I got responses from other government officials too. That's why I emphasised the "further review" part. If everyone gets the same response, then yes my understanding is incorrect.
I think you still don't understand how patent system works. Also you didn't seem like you have gone through my blog post which I linked earlier. Let me copy and paste here for your convenience.
Patentability mainly focuses on two things. Novelty and Non-Obviousness. In some countries, the latter part is called as "Inventive Step".
Novelty - The "Novelty" principle asks whether the invention was known to the public "exactly as described" before the filing date of the patent application. Novelty is straightforward. You either invented something or you don't.
Non-Obviousness - The "Non-Obviousness" principle asks whether the invention is an adequate distance beyond what's already known to the public.
Determining "Non-Obviousness" is extremely hard. So courts sometimes have to rely on secondary considerations for determining non-obviousness. To quote Federal Circuit which is known for its decisions on patent law, "evidence of secondary considerations may often be the most probative and cogent evidence in the record".
So "non-obviousness" deals with questions like (1) Is the invention commercially successful? (2) Did others fail before? (3) Are people praising the invention, especially competitors? (4) Did the invention recognize a problem that has never been recognized before? (5) Are competitors trying to copy the invention? etc.
Prior Art - One way or another, all form of invention rely on already known ideas. For example, my "Teleport" button [or "Sign in with Apple" button if you prefer], is an improvement over buttons like "Sign in with Google" and "Sign in with Facebook".
If your invention do not have any prior art, that means you either ahead of its time (e.g. Someone invented an iPhone in the 18th century) OR you are not working on a notable problem i.e.

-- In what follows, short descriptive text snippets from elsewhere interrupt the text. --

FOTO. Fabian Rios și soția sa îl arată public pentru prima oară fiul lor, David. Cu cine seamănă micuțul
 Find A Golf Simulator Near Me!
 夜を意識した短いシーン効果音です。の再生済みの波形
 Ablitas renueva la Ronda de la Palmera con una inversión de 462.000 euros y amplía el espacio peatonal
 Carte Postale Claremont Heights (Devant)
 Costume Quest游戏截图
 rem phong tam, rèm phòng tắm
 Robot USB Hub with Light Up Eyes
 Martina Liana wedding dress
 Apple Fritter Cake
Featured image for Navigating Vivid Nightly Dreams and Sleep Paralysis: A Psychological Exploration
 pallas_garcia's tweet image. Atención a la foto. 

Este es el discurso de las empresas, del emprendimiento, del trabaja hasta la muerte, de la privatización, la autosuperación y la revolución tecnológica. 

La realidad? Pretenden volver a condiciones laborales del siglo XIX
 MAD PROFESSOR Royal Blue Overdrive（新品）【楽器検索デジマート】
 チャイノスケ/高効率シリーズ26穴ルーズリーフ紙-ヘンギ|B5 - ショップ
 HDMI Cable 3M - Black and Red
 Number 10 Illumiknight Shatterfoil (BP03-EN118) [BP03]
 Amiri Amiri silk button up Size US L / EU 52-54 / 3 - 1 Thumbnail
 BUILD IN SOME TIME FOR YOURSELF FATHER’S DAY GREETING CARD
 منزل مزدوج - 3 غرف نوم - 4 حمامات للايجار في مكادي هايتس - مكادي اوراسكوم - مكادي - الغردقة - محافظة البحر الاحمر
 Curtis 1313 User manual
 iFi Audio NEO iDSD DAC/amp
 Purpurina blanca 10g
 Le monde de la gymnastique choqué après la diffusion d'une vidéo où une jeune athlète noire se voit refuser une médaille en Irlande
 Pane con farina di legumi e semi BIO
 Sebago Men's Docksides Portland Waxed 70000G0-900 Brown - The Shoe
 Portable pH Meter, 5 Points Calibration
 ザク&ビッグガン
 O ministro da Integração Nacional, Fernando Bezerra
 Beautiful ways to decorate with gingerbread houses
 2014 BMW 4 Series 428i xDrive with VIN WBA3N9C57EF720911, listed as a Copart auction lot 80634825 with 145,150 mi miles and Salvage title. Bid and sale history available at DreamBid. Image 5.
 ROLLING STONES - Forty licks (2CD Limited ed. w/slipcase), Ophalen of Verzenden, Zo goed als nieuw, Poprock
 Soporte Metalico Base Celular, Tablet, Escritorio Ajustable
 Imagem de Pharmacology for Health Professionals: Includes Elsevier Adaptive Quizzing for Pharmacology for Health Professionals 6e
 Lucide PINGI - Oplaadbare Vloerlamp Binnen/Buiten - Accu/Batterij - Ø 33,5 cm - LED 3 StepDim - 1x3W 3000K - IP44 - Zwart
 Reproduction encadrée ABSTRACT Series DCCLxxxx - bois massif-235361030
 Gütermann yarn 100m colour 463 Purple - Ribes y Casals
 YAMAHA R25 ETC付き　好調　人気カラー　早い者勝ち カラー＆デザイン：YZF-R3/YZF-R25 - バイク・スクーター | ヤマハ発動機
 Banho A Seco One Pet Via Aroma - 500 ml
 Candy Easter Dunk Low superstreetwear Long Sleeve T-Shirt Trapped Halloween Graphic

If the problem is notable, then others tried to solve it and failed.
Any publicly available evidence which is close to the invention is called as "Prior Art". In my invention's case, it is WO2014105263A1. Apple copied my work with the help of that document. So from this point forward, the term "Prior Art" refers to WO2014105263A1.
Provisional Rights - "Provisional rights" allow a patent owner to collect damages from the infringers for activities occurring between "the date of the patent application publication" and "the patent granting date".
Patent - A patent is a government license that exclude others from making, using, or selling the invention without the inventor's permission for a limited period of time. This period is usually 20 years. Patent system's main purpose is to encourage innovation. A patented cancer cure is better than not having a cure at all.
Patent Infringement - Patent infringement occurs once the patent get granted. Patent laws are country-specific. Under US law, 35 U.S. Code § 271 states the following:
(a) Except as otherwise provided in this title, whoever without authority makes, uses, offers to sell, or sells any patented invention, within the United States or imports into the United States any patented invention during the term of the patent therefor, infringes the patent.
(b) Whoever actively induces infringement of a patent shall be liable as an infringer.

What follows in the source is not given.